### Recorded information ###

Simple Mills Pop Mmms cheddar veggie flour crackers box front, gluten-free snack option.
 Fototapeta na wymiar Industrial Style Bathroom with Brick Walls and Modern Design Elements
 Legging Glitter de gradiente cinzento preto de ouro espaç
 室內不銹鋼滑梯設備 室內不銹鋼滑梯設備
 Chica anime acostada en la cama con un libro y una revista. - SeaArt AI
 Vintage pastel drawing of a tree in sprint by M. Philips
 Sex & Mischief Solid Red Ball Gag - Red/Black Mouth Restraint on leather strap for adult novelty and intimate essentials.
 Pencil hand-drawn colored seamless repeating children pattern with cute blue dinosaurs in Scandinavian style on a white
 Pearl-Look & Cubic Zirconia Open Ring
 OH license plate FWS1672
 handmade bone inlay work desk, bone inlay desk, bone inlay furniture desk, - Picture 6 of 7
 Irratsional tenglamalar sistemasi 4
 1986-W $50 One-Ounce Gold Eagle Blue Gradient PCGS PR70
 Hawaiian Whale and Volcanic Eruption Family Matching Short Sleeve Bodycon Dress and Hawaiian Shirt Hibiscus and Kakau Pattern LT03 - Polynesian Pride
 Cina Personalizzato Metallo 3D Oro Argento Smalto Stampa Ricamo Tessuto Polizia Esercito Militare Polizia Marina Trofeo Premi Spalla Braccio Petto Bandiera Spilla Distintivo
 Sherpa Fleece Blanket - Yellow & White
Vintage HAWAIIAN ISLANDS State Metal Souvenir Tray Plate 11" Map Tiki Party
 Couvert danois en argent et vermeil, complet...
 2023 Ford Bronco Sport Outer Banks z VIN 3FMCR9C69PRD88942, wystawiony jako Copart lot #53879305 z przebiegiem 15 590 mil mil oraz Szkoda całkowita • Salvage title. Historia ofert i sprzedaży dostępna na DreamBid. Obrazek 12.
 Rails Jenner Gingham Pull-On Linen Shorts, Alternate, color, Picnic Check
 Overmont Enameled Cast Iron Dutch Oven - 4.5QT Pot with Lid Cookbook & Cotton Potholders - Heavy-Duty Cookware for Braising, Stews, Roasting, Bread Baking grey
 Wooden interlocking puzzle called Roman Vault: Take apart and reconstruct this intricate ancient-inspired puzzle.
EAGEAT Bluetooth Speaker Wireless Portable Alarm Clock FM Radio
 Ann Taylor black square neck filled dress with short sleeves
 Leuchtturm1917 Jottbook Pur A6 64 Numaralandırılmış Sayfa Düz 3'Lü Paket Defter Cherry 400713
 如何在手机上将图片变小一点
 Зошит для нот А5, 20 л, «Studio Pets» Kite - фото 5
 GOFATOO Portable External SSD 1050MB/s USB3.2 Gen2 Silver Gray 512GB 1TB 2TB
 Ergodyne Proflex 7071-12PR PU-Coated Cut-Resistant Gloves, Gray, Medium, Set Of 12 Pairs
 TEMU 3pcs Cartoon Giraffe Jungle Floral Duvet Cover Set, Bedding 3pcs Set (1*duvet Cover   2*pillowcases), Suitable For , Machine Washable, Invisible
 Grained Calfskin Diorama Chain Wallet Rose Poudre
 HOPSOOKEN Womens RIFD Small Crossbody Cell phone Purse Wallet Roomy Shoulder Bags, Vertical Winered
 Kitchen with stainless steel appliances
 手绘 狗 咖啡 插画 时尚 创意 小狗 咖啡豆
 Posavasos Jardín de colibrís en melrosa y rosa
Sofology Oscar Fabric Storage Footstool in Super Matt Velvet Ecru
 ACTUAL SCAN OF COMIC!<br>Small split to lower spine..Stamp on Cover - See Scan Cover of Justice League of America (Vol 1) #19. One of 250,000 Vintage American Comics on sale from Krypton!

###

Aim of the exercise:
Output the lines from the one with "Grained Calfskin Diorama" through the end of the records above, exactly, including both ends, and nothing besides.

Exercise solution:
 Grained Calfskin Diorama Chain Wallet Rose Poudre
 HOPSOOKEN Womens RIFD Small Crossbody Cell phone Purse Wallet Roomy Shoulder Bags, Vertical Winered
 Kitchen with stainless steel appliances
 手绘 狗 咖啡 插画 时尚 创意 小狗 咖啡豆
 Posavasos Jardín de colibrís en melrosa y rosa
Sofology Oscar Fabric Storage Footstool in Super Matt Velvet Ecru
 ACTUAL SCAN OF COMIC!<br>Small split to lower spine..Stamp on Cover - See Scan Cover of Justice League of America (Vol 1) #19. One of 250,000 Vintage American Comics on sale from Krypton!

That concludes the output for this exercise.